Scraped caption text data:
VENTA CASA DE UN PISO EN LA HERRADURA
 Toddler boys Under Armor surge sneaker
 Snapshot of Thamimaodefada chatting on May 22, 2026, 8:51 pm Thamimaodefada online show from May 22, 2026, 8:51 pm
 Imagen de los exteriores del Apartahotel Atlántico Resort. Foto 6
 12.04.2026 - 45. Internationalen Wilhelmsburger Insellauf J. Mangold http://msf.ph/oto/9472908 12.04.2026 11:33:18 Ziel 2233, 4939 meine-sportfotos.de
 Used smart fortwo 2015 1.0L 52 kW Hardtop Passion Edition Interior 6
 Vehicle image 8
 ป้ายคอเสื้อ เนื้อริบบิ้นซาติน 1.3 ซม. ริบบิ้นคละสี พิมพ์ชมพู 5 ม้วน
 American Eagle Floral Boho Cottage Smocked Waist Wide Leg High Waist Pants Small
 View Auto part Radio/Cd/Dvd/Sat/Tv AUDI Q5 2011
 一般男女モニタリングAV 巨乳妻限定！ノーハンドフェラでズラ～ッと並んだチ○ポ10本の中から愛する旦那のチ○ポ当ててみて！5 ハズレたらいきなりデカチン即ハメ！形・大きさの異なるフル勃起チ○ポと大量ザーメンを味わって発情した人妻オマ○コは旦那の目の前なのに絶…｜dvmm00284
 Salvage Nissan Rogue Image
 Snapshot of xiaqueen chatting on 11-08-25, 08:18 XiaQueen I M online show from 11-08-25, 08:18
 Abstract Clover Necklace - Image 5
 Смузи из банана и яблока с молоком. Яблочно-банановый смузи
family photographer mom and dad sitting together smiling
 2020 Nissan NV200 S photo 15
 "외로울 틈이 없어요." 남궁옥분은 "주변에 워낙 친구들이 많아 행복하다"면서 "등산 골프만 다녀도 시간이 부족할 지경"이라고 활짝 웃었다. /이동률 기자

### WORK REQUIRED
Once you have read the data, copy all of it out exactly.

### TASK SOLUTION
VENTA CASA DE UN PISO EN LA HERRADURA
 Toddler boys Under Armor surge sneaker
 Snapshot of Thamimaodefada chatting on May 22, 2026, 8:51 pm Thamimaodefada online show from May 22, 2026, 8:51 pm
 Imagen de los exteriores del Apartahotel Atlántico Resort. Foto 6
 12.04.2026 - 45. Internationalen Wilhelmsburger Insellauf J. Mangold http://msf.ph/oto/9472908 12.04.2026 11:33:18 Ziel 2233, 4939 meine-sportfotos.de
 Used smart fortwo 2015 1.0L 52 kW Hardtop Passion Edition Interior 6
 Vehicle image 8
 ป้ายคอเสื้อ เนื้อริบบิ้นซาติน 1.3 ซม. ริบบิ้นคละสี พิมพ์ชมพู 5 ม้วน
 American Eagle Floral Boho Cottage Smocked Waist Wide Leg High Waist Pants Small
 View Auto part Radio/Cd/Dvd/Sat/Tv AUDI Q5 2011
 一般男女モニタリングAV 巨乳妻限定！ノーハンドフェラでズラ～ッと並んだチ○ポ10本の中から愛する旦那のチ○ポ当ててみて！5 ハズレたらいきなりデカチン即ハメ！形・大きさの異なるフル勃起チ○ポと大量ザーメンを味わって発情した人妻オマ○コは旦那の目の前なのに絶…｜dvmm00284
 Salvage Nissan Rogue Image
 Snapshot of xiaqueen chatting on 11-08-25, 08:18 XiaQueen I M online show from 11-08-25, 08:18
 Abstract Clover Necklace - Image 5
 Смузи из банана и яблока с молоком. Яблочно-банановый смузи
family photographer mom and dad sitting together smiling
 2020 Nissan NV200 S photo 15
 "외로울 틈이 없어요." 남궁옥분은 "주변에 워낙 친구들이 많아 행복하다"면서 "등산 골프만 다녀도 시간이 부족할 지경"이라고 활짝 웃었다. /이동률 기자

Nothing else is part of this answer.